2. Rethinking Plastic Design And Usage: It is imperative to completely reconsider the design, uses, sale, and disposal of single-use plastics. By adopting innovative approaches and alternative materials, we can minimize plastic's impact on the environment.
3. Citizen Mobilization And Education: Educating and mobilizing citizens worldwide is vital. By raising awareness about the detrimental effects of plastic pollution and encouraging individuals to demand action from governments and corporations, significant change can be achieved.
4. Individual Responsibility: Encouraging individuals to take personal responsibility for plastic pollution by choosing to reject, reduce, reuse, and recycle plastic is essential. This can be achieved through educational campaigns and by providing accessible recycling infrastructure.
5. Local Government Regulations: Promoting and supporting local government regulations aimed at addressing plastic pollution is crucial. These regulations can include bans on certain types of plastics or the implementation of recycling initiatives.
One of the core challenges in addressing plastic pollution lies in waste management. It is imperative to explore alternative solutions for plastic materials. Additionally, providing a transition period for industries to adapt to alternative materials and offering tax rebates can facilitate their adoption. Immediate alternatives available include jute and upcycled cloth bags, wooden and bamboo cutlery, glass, leaf-based plates, and metal containers.

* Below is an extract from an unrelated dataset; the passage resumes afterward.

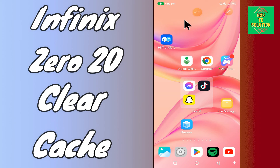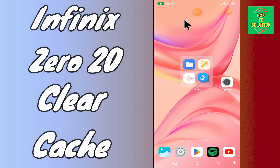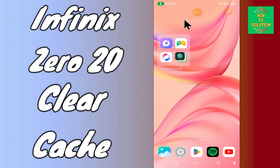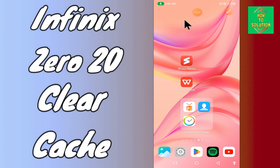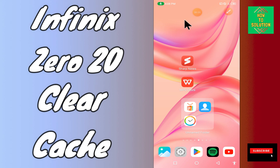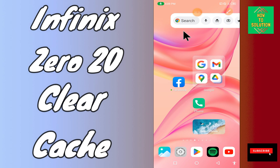Hi everyone, today in this video I'm going to show you how you can clear cache in your device in Phoenix 020. This video helps you to unclog your phone if it has excess cache data and make it run faster. I'll tell you a few tips and tricks that you can use to do it. Before we start, if you are new to my channel, don't forget to subscribe and press the bell icon. Watch the complete video and learn how you can do it.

The government should prioritize research and development of technologies aimed at addressing the longevity of plastic materials. By developing technologies that reduce the decomposition time of plastics from decades to minimal levels, the environmental impact can be significantly reduced. Plastics should be manufactured using non-toxic elements and designed to minimize harm to animals. This would prevent instances where animals ingest plastic components, which can have detrimental effects on their lives.
To incentivize the adoption of alternatives, the government can introduce lower tax rates, affordable pricing, and easy availability of alternative materials. Concurrently, increasing the price and tax rates of plastic products would discourage their demand and usage. Plastic components that cannot be effectively recycled should be banned from manufacturing and development. This would encourage the use of recyclable plastics and reduce the production of new plastic materials in industrial sectors.
The UNEA plays a crucial role in addressing plastic pollution by facilitating international cooperation and action. It has led to the formation of an Intergovernmental Negotiating Committee (INC) tasked with drafting a binding international instrument to phase out and eliminate plastic pollution. The UNEA resolutions also direct member states to adopt voluntary measures, develop national action plans, and provide statistical information on plastic waste management.
India's approach to plastic waste management has evolved through the implementation of various rules and regulations. Starting with the Recycled Plastics Manufacture and Usage Rules in 1999, the government has introduced measures to regulate the production and use of plastics. Over the years, provisions have been added to promote sustainability, such as the use of organic pigments and the ban on single-use plastics. The Plastic Waste Management Rules place obligations on producers, importers, and brand owners, emphasizing Extended Producer Responsibility.
The ban on single-use plastics has a direct impact on certain industries. FMCG companies face challenges in replacing plastic straws with paper-based alternatives due to increased demand and limited availability. E-commerce companies have had to switch to recycled plastic, paper, or cardboard-based packaging. Food aggregators are particularly affected as the ban covers all packaging materials, resulting in higher delivery costs and a lack of affordable alternatives for certain food items. These industries are facing operational difficulties due to the restrictions on single-use plastics.